Sunday, December 26, 2021

Scientists suggest possible life on Venus may be creating its own livable environment

Michael Lee
CTVNews.ca Writer
Thursday, December 23, 2021 

Signs of life on Venus?

A team of researchers discovered the presence of phosphine, a gas that is produced without oxygen on Earth, in Venus’ clouds.

This file photo, made available by NASA, shows the planet Venus made with data from the Magellan spacecraft and Pioneer Venus Orbiter. (NASA/JPL-Caltech FILE via AP)



A team of researchers has put forward a new theory suggesting possible life on the planet Venus could be making the environment more hospitable.

Published in the journal Proceedings of the National Academy of Sciences, the team from Cardiff University in Wales, MIT in Cambridge, Mass., and Cambridge University in England say potential life may be creating its own habitable environment in the clouds of Venus through a "cascade of chemical reactions," which in turn may also explain other "strange anomalies" that have puzzled scientists for decades.

Among those puzzling questions has been the presence of ammonia, a gas that was "tentatively" detected in the 1970s, and which the team says by all accounts shouldn't be produced through any chemical process known on Venus — the second planet from the sun after Mercury and before Earth.

Simply put, the group says: "Life could be making its own environment on Venus."

"We know that life can grow in acid environments on Earth, but nothing as acid as the clouds of Venus were believed to be," William Bains of Cardiff University's School of Physics and Astronomy, and a co-author of the study, said in a news release.

"But if something is making ammonia in the clouds, then that will neutralize some of the droplets, making them potentially more habitable."

The scientists note that certain life forms on Earth have the ability to produce ammonia in order to neutralize and make an otherwise highly acidic environment livable.

As part of their work, the researchers modelled a set of chemical processes to show that if ammonia is present on Venus, the gas would set off a series of chemical reactions, neutralizing surrounding droplets of sulfuric acid.

The pH level of the clouds, or how acidic or basic they are, would then increase from roughly -11 to 0, the team says.
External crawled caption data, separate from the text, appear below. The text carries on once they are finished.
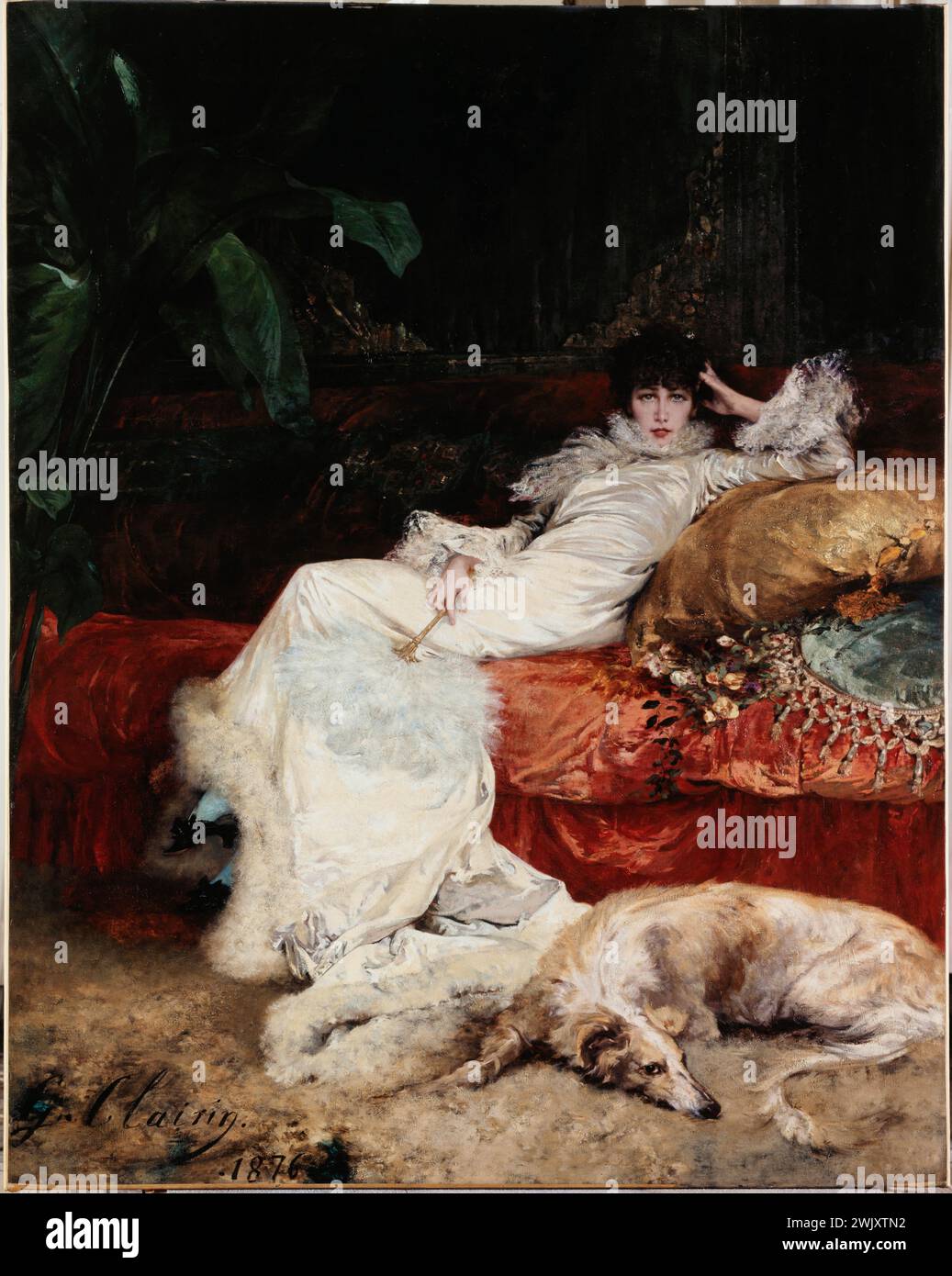 Georges Clairin (1843-1919). 'Portrait of Sarah Bernhardt (1844-1923)', 1876. Museum of Fine Arts of the City of Paris, Petit Palais. 24040-15 French actress, lengthening, lengthening, pet, domestic animal, familiar animal, white, sofa, comedian, divan, in the foot, Eventail, yellow, Afghan levier, furniture, work of art, portrait, long, red, sofa dress , Table, 19th XIXth 19th 19th 19th 19th century, dog, furniture, feather, dress Stock Photo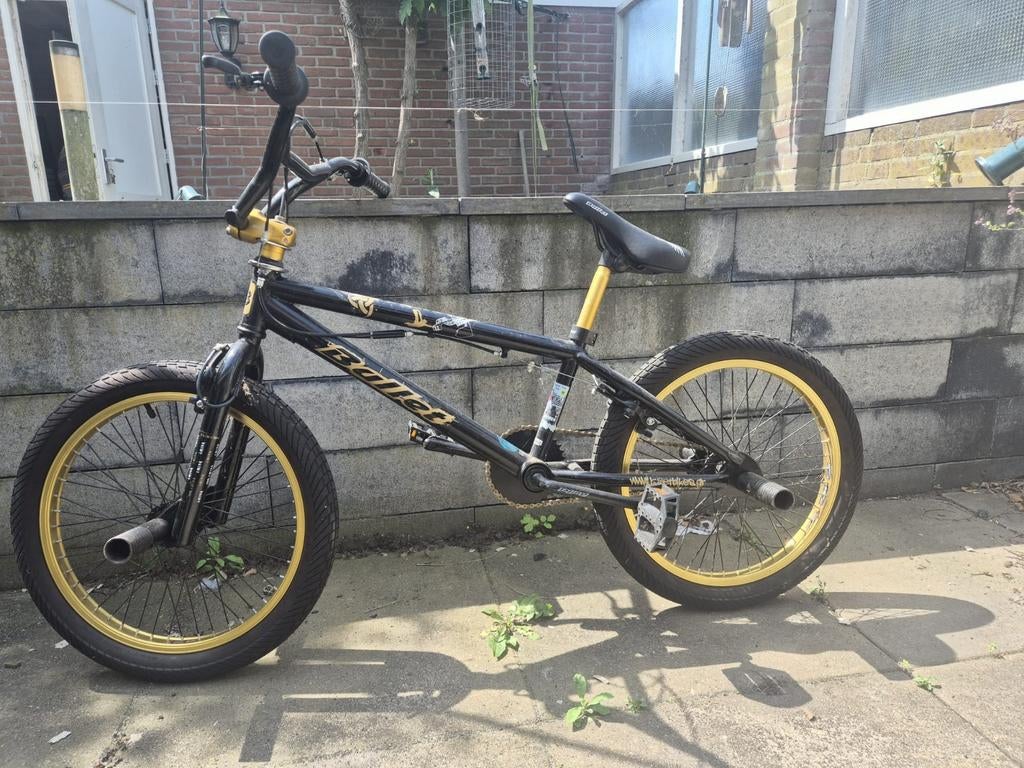 Stoere BMX fiets, zwart/goud, met voetsteunen, Ophalen, Gebruikt, Staal, Velgrem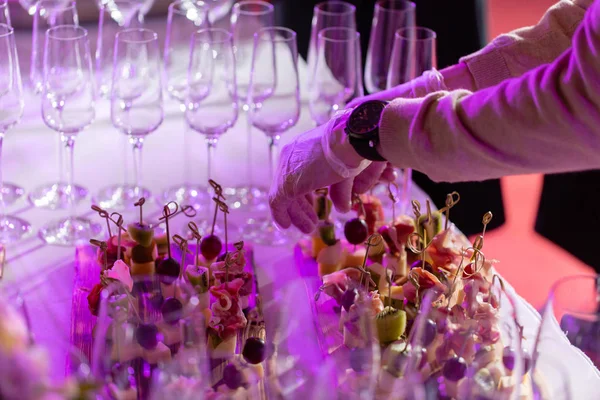 Garson hazırlanan ve bir aperatif hizmet vermektedir. Resepsiyon büfedeki. Kanepeler ahşap tahta üzerinde ürün yelpazesine. Ziyafet Servisi. Gıda catering, peynir, jamon, prosciutto ve meyve ile aperatifler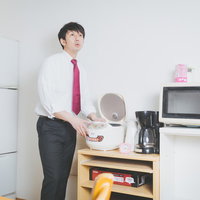 数ヶ月前に炊いたお米を見つけ遠い目をする新米教師の写真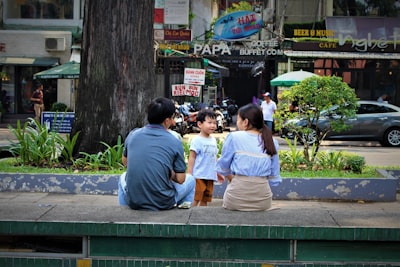 people sitting on bench near road during daytime comic con zoom background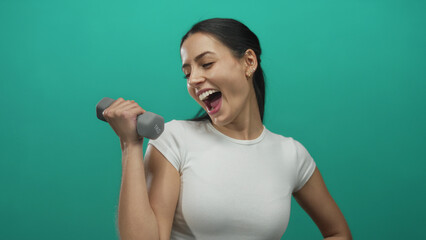 Woman smiling while exercising with dumbbell against green background showcasing fitness and energy.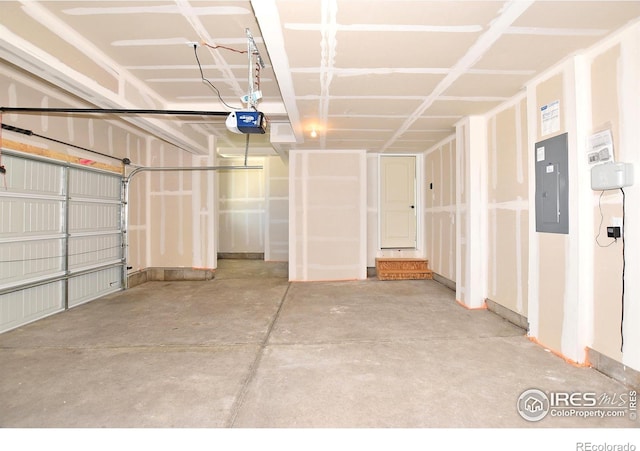 garage with electric panel and a garage door opener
While still very acidic, the researchers say this would be within the range of acidity that life could tolerate.

The team also tested whether dust could be sweeping minerals into the clouds of Venus and causing them to interact with the sulfuric acid.

However, it was determined that a massive amount of dust would be needed, which led the team to consider ammonia.

If life were producing ammonia, the researchers say the associated chemical reactions would naturally yield oxygen, which has been identified as one anomaly on the planet.

Once ammonia is in the clouds, it would dissolve in droplets of sulfuric acid and effectively neutralize it, creating a salt-like slurry.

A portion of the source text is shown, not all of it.